Gros plan sur Marc Arnal, qui parle
Marc Arnal, le président de l'Association canadienne-française de l'Alberta, accueille positivement le nouveau Plan d'action sur les langues officielles. Photo: Radio-Canada / Geneviève Tardif
Radio-Canada

Marc Arnal, le président de l'Association canadienne-française de l'Alberta (ACFA), se réjouit des 500 millions de dollars supplémentaires sur cinq ans injectés par Ottawa pour la vitalité des langues officielles au pays. Il croit toutefois que les organismes communautaires devront faire plus pour mériter cet argent.

Un texte d'Emma Hautecoeur

« C'est un défi qu'on se doit de relever, dit le président de l’ACFA. On nous donne essentiellement plus d’outils, plus de moyens, et je pense qu’on s’attend à ce que nous jouions un rôle plus important au niveau de la promotion de la dualité et de la diversité. »

Les deux tiers des nouvelles enveloppes iront directement aux organismes de communautés en situation minoritaire, plutôt que de passer par des intermédiaires, comme le gouvernement provincial. « C’est une meilleure reddition de comptes », selon Marc Arnal.

Presque tous les secteurs cruciaux pour les francophones en Alberta sortent gagnants de ce nouveau plan, dit-il.

On note, entre autres, un investissement de 20 millions de dollars sur cinq ans pour créer des places en services de garde francophones, 31 millions pour le recrutement d’enseignants dans les écoles de la minorité, et 11 millions de dollars pour le Fonds d’action culturelle communautaire.

La ministre du Patrimoine canadien, Mélanie Joly, prenant la parole à l’école élémentaire publique Mauril-Bélanger, à Ottawa, en présence du premier ministre Justin Trudeau pour l'annonce du nouveau plan sur les langues officielles.La ministre du Patrimoine canadien, Mélanie Joly, annonçant les détails du Plan d'action sur les langues officielles aux côtés du premier ministre Justin Trudeau. Photo : La Presse canadienne / Patrick Doyle

Ce financement comporte cependant des objectifs ambitieux, a affirmé la ministre du Patrimoine canadien, Mélanie Joly.
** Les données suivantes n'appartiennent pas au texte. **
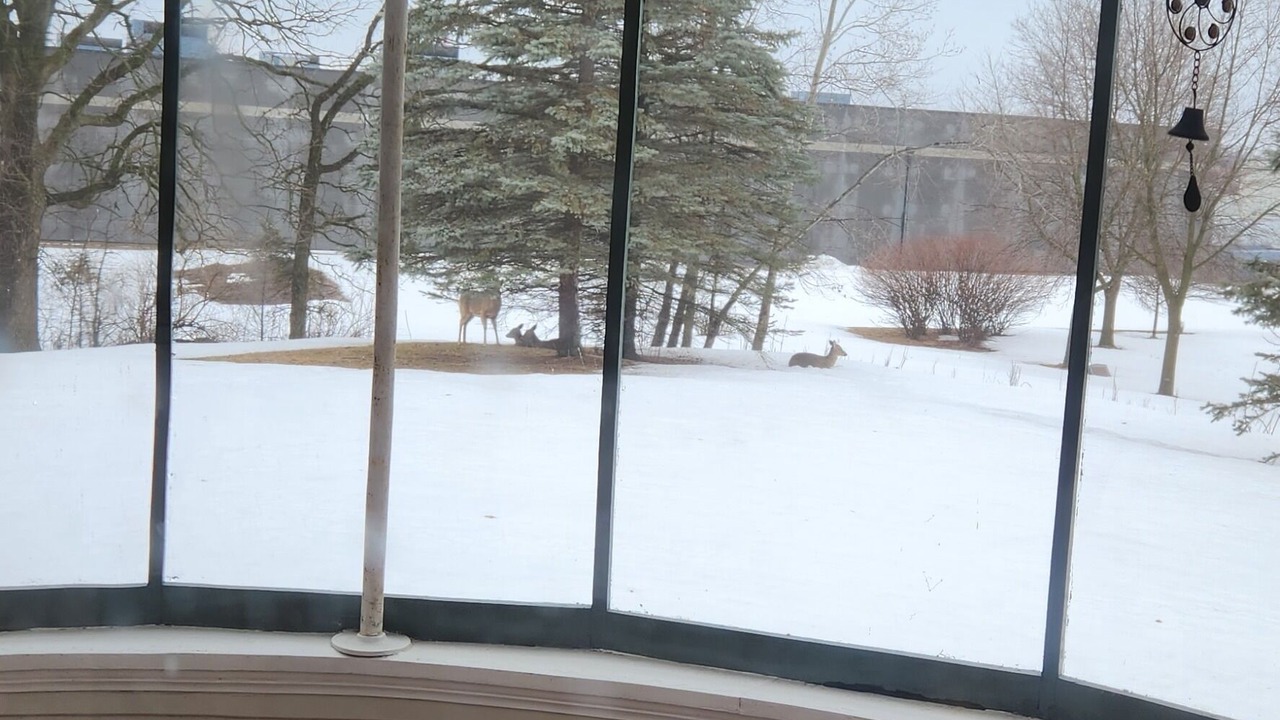 Photo of Outdoor in Menomonie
En immigration, Ottawa rehausse le pourcentage voulu de francophones s'établissant en dehors du Québec, passant de l'objectif jamais atteint de 4 %, à 4,4 % .

Les efforts de l'immigration n'ont pas porté fruit. Je pense que [le gouvernement fédéral] a peut-être eu le message que c'est le temps de changer de stratégie.

Marc Arnal, président de l'Association canadienne-française de l'Alberta

Plus de 40 millions de dollars sont destinés « à l'appui d'un parcours global d'intégration francophone et d'une série de politiques et programmes en matière d'immigration francophone » peut-on lire, mais les détails de la stratégie nationale n’ont pas encore été élaborés.

L’immersion comme véhicule de promotion du français

Le secteur de l’enseignement et de l’apprentissage d’une deuxième langue officielle a une place importante dans ce nouveau plan d’action. Parmi les nouvelles enveloppes, on compte 31 millions de dollars pour le recrutement des enseignants en langue seconde et en immersion, autant que pour le recrutement des enseignants dans les écoles minoritaires.

On veut aussi inciter les jeunes anglophones à poursuivre leurs études collégiales et universitaires en français, grâce à des bourses de 3000 $. Les associations communautaires et les programmes d’échanges linguistiques et culturels pour l’apprentissage d’une langue seconde voient par ailleurs leurs subventions bonifiées.

Le directeur de l’organisme Canadian Parents for French, Michael Tryon, se félicite de ces mesures. « C’est la première fois que le gouvernement soutient nos communautés de langues secondes », affirme-t-il.

Marc Arnal voit aussi que le rapprochement avec le secteur de l’immersion et la promotion du français comme langue seconde comme un moyen d’établir la pertinence du français dans les provinces majoritairement anglophones. « Il faut qu’on se réjouisse de toute mesure qui risque d’accroître le statut du français en Alberta », dit-il.